To no one’s surprise, Wall Street wins again on legislation. Every major market disaster has been preceded by a loosening of regulation. Once the market plunders, calls for regulation come back. Humans are reactionary, rather than preventative. Decades of asset price inflation lead to bubbles that crash and burn. Politicians vow to never let such disasters happen again and call for strict regulation, but it’s always after the fact. The Great Depression, which is very much like the current time period, was preceded by a debt binge that blew up. The bankers who led the credit barrage got out just fine while accumulating assets for pennies on the dollar. The stock market crash in 1929 led to Glass-Steagall in 1933, which separated investment banks from standard commercial banks.

Financial Regulation

Glass-Steagall was repealed in 1999 with the Gramm-Leach-Bliley Act, or the Financial Modernization Act of 1999. Run-of-the-mill recessions caused a rethink in regulation. Gramm-Leach repealed section 20 and 32 of Glass-Steagall. Investment banks and commercial banks were close together once again. Deregulation led to chaos in the way of the Dotcom bubble and the 2008 crisis. Risky loans were allowed, and derivatives nearly crashed everything. It’s taken many years of unconventional policies to keep the system afloat.
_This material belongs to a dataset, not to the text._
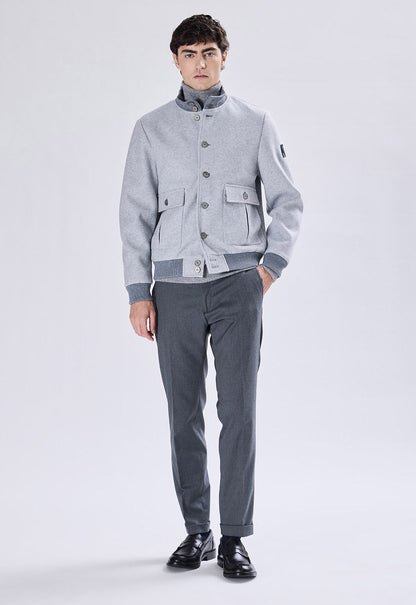 Wool Bomber Jacket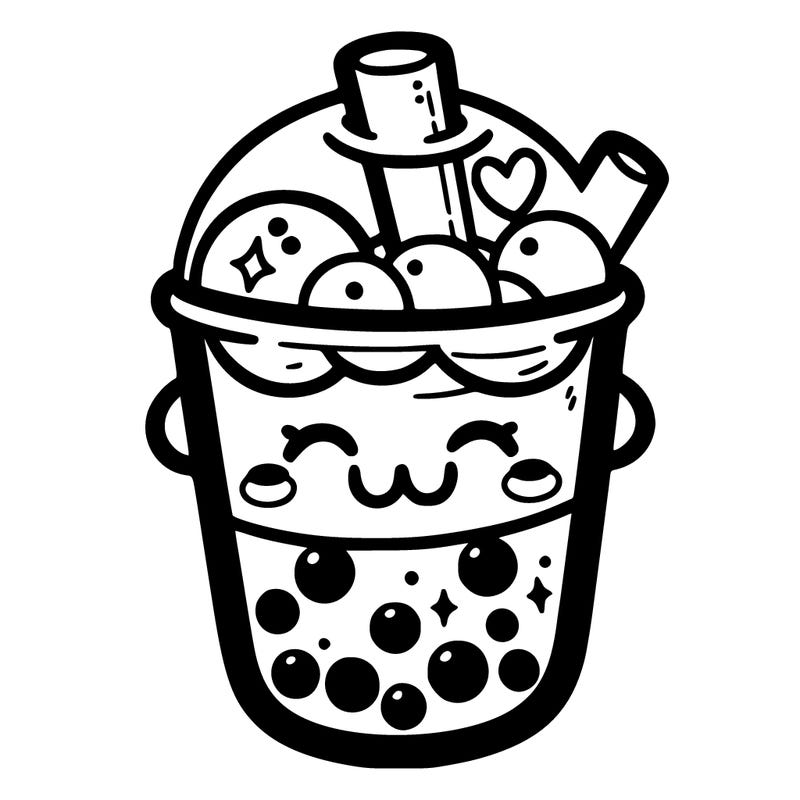kawaii boba tea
Unconventional is now conventional, which should scare everyone to death. Dodd-Frank has done nothing, as global debt has piled up and risk is as high as ever. This clip from Barney Frank should tell you everything you need to know.
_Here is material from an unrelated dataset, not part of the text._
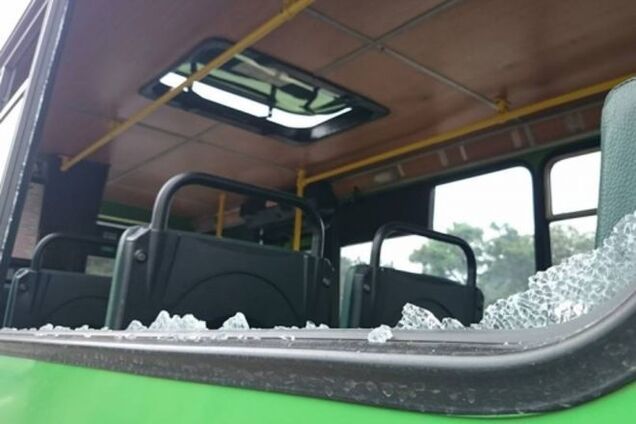 В Харькове расстреляли две маршрутки: все подробности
The Volcker Rule first established during the crisis as part of Dodd-Frank put handcuffs on the banks. Now the Volcker Rule will be loosened to help the banks. It reduces limits that are held by banks and allows excessive risk with taxpayer funding. I argue that the 2008 financial crisis had nothing to do with a recession. Most financial people like to say that it was a recession, but it had to do with risk. Speculation and human greed led to a near collapse of the banking system. It would have been awful, but the banks needed to collapse. Systematic risk was the problem and asystematic deleveraging was a solution. Regulation is designed to reign in the speculative actions and prevent another 2008. The law originally stated that any positions held for under 60 days were speculative. This created issues for banking supervisors, as determining what the data meant was difficult.
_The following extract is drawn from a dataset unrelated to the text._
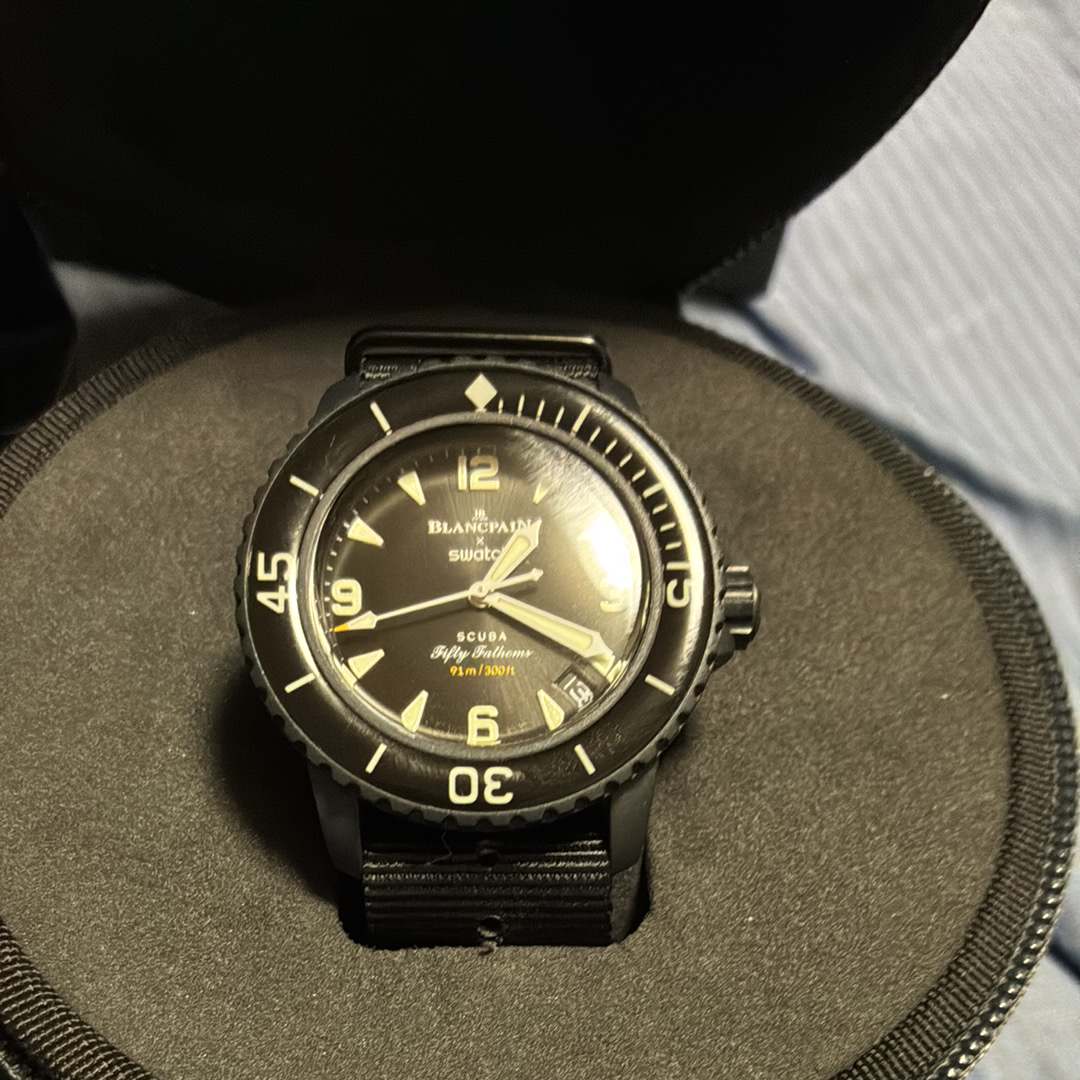 ブランパン x スウォッチ コレクション "オーシャンオブストーム" SO35B400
In 2018, the Trump administration aimed to clean this up by proposing limits on gains and losses so that if the position stayed within certain ranges, they assumed it was just market-making. The rule subjected banks to all financial instruments that could be traded actively. A little provision slipped through the cracks, which stated only “trading” counted. According to the FDIC, by slipping this “trading” term into the legal jargon, it excluded roughly $600 billion of other speculative bets that the bill originally covered. Banks can now trade with their own money on behalf of clients. By weakening this provision, risk-taking can migrate to other places where regulators are not looking. The Federal Reserve and CFTC have not approved this yet. This decision should not be approved, as it would do what has already been done: force main street to bail out Wall Street again. No one went to jail, risk-taking promulgates crises, and the cycle repeats. Wall Street has ruined free markets, and I am afraid no legislators will step up to the plate to halt risky behavior. Maybe our only shot is cryptography?